POLLUTION TÉLÉVISUELLE
ET BROUILLAGE DE CODES
On a tout lu, vu et entendu sur les émissions de téléréalité comme « Top Chef ». Placement de produits des industriels (Ferrero avec Nutella, Nestlé avec Nespresso, MacDo etc), scénarisation outrancière et chronométrage bidonné des épreuves, faux réalisme… et contrevérités confirmées par le chef roannais Michel Troisgros lors de l’émission télé de France 2 « thé ou café » diffusée en mars 2017*: « c’est pas comme ça que ça se passe dans les cuisines. On ne court jamais dans une cuisine. Jamais. Il n’y a pas de chronomètre dans une cuisine »*. Courageux propos. Courageux car ne pas aller dans le sens du vent des annonceurs et d’une possibilité d’arrondir (grassement) ses fins de mois comme le font Marx, Piège, Darroze et consorts est forcément courageux de la part d’un cuisinier. On peut même dire que plus est réputé le chef, plus le risque pris d’une critique du système est grand tant il a à perdre! Mais passons.

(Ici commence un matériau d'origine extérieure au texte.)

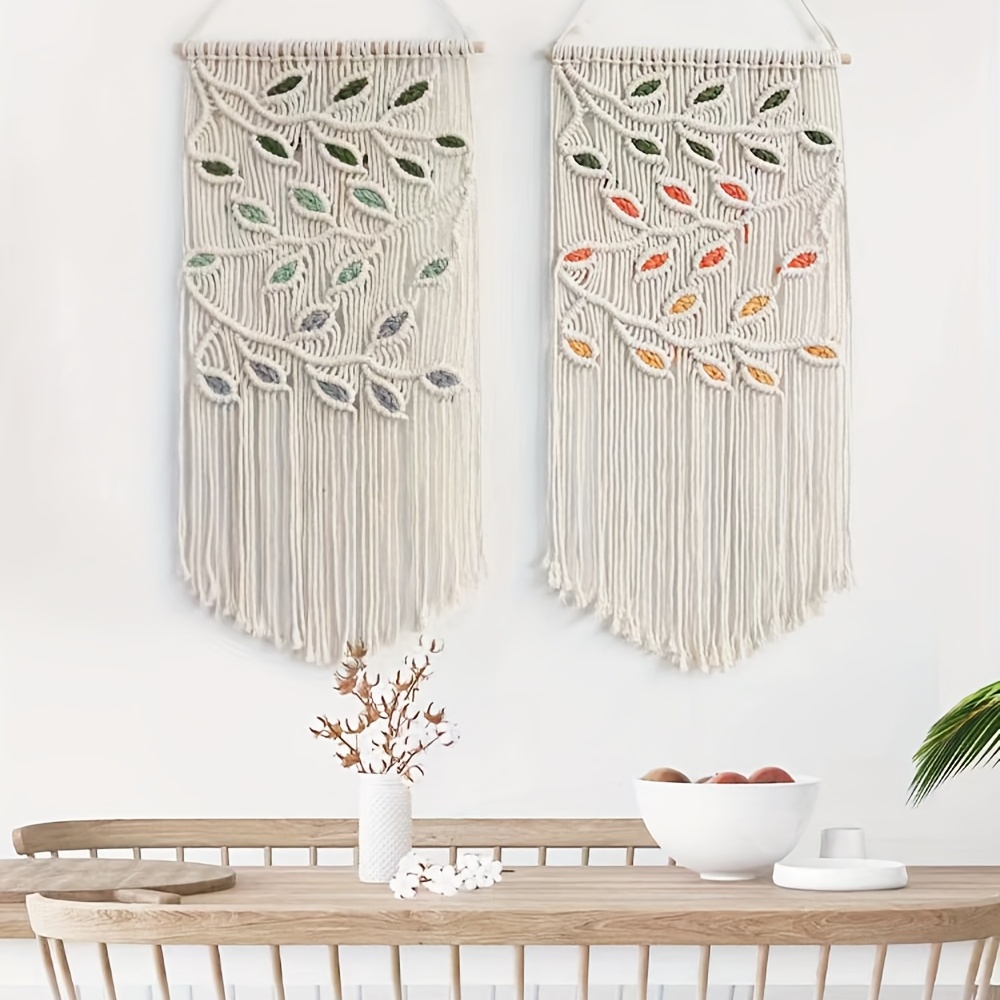 Macramé para colgar en la pared, cortinas grandes de macramé con cuentas de  madera, tapiz bohemio con borlas tejidas, decoración de pared sobre la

Et puis l’autre jour, je discute avec un excellent chef des alentours d’Aix-en- Provence (13). Il regarde parfois l’émission « Top Chef » car comme beaucoup de bons cuisiniers, il continue d’apprendre malgré 25 ans de métier au compteur. Il décrypte mieux que personne dans le petit écran le vrai du faux du côté des fourneaux… comme Michel Troisgros. Il choppe au passage les bonnes idées (tiens? c’est pas bête…) et aussi, pouffe devant le gaspillage des produits dont seules les parties nobles sont utilisées, et repouffe quand il calcule le budget des assiettes envisagées. Bref! Il fait un tri avisé des images qu’on lui soumet.
Mais quel est l’impact de « Top Chef » sur le téléspectateur commun? Voilà peu, notre cuisinier recevait un groupe de 40 personnes absolument ravies: elles demandent en fin de repas à voir le chef pour le complimenter. Le temps de donner quelques consignes à son équipe de cuisine, le chef en sueur s’essuie le front puis file saluer ses clients, un exercice « old-school » qui ravit généralement tout le monde. Devant une assemblée aux anges et après échanges de circonstance, une dame avec un air pincé et aux cheveux violets tirés lâche sur un ton sec: « vous avez une tâche sur votre veste de cuisine et à la télé à « Top Chef », ils n’ont pas de tâches sur leur veste de cuisine ».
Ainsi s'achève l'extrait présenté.